La crise de 1929, ce fameux fléau qui frappa les Etats-Unis, n'est d'abord décrit que comme un élément secondaire. Il prend néanmoins de l'importance tout au long du roman, mais avec ce recul des choses complexes qu'impose la frivolité amoureuse. La crise est perçue d'un point de vu français, c'est-à-dire avec une distance flagrante. Elle est une épée de Damoclès dont tout le monde prend conscience mais qui semble pourtant inoffensive. On décrie les médias d'exagérations, on dénonce les journalistes de mensonges et l'on croque avec plus de ferveur dans cette vie qui semble prête à basculer. le krach du jeudi noir est un raz-de-marée destructeur dont les signes avant-coureurs se profilent déjà en France. Pour autant, le Paquebot est intouchable et semble un cocon préservant l'innocence de la relation entre les jeunes tourtereaux.

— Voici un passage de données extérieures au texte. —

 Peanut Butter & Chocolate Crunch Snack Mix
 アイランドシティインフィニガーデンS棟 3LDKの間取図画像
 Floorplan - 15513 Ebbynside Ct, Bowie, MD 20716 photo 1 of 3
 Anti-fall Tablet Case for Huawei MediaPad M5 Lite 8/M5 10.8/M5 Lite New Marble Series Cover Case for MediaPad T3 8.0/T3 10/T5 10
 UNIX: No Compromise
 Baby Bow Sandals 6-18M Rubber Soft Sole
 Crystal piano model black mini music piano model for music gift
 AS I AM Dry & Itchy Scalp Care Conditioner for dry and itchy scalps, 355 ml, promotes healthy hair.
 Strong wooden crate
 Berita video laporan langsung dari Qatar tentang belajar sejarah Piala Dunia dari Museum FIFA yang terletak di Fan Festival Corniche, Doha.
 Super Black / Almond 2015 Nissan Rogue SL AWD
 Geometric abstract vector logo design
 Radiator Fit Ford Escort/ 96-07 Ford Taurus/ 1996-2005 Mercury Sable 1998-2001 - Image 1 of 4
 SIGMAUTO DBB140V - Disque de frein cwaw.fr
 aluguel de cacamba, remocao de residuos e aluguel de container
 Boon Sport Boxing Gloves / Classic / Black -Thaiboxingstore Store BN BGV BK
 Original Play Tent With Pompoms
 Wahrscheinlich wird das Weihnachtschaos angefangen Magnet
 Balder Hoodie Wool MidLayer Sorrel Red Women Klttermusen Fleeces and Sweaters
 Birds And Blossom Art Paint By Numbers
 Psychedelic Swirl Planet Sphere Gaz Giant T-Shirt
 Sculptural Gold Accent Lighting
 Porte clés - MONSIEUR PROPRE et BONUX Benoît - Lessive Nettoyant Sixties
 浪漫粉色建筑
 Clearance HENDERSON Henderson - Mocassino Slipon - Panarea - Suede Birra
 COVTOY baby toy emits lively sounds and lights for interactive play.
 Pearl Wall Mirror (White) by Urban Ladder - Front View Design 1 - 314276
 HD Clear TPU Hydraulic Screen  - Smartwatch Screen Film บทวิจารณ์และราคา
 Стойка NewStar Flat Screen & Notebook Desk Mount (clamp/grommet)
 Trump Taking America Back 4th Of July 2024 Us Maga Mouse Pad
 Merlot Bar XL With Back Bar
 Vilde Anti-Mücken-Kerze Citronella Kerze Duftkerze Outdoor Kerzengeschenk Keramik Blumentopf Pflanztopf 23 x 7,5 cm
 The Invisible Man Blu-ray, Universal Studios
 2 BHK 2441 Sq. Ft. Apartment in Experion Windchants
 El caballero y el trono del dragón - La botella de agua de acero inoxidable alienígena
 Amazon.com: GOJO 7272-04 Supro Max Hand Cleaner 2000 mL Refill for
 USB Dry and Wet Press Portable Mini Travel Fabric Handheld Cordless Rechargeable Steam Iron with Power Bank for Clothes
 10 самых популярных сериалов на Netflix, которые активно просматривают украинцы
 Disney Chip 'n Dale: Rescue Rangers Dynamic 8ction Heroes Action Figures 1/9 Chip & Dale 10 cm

Aveuglés par leur passion, la crise boursière n'est qu'un bruit de fond que ne tardera pas pourtant à entendre Pearl, puis Charles-Henri après elle, une fois leurs démons intérieurs apaisés.

Ce roman possède néanmoins un point négatif et paradoxal : si le style de Michelle Tourneur est une vraie poésie, tout comme cette dernière par moment l'histoire en devient complexe et les phrases presque incohérentes. Parfois seulement deux mots viennent composer une phrase, parfois on recherche le sujet ou bien le verbe, parfois on s'égare et parfois on en vient à regretter que l'auteur ne soit pas un peu plus prolixe. La beauté de son talent écrivain réside dans cette tournure mystique des phrases, mais si ce style est prenant dans la première partie du livre, plus centrée sur la description des lieux, des relations et des mets, la seconde partie plus concentrée sur l'histoire du chef Charles-Henri en devient confuse. Ce qui n'empêche pas d'apprécier ce roman à loisir, d'en savourer toutes les nuances et d'en frissonner d'émotion.

Délicat est le maître-mot de ce roman, et à juste titre il trouve sa place dans chaque met exposé tout en décrivant au mieux les caractères artistiques de chaque personnage. Un petit bijou littéraire dans une langue subtile, épurée dans sa forme mais toujours pleine dans son fond. Un rêve qui prend consistance par le goût et la saveur, tantôt épicée, tantôt sucrée à l'image d'un marshmallow. Michelle Tourneur fait toucher à la perfection, palper à l'intangible et savourer la beauté.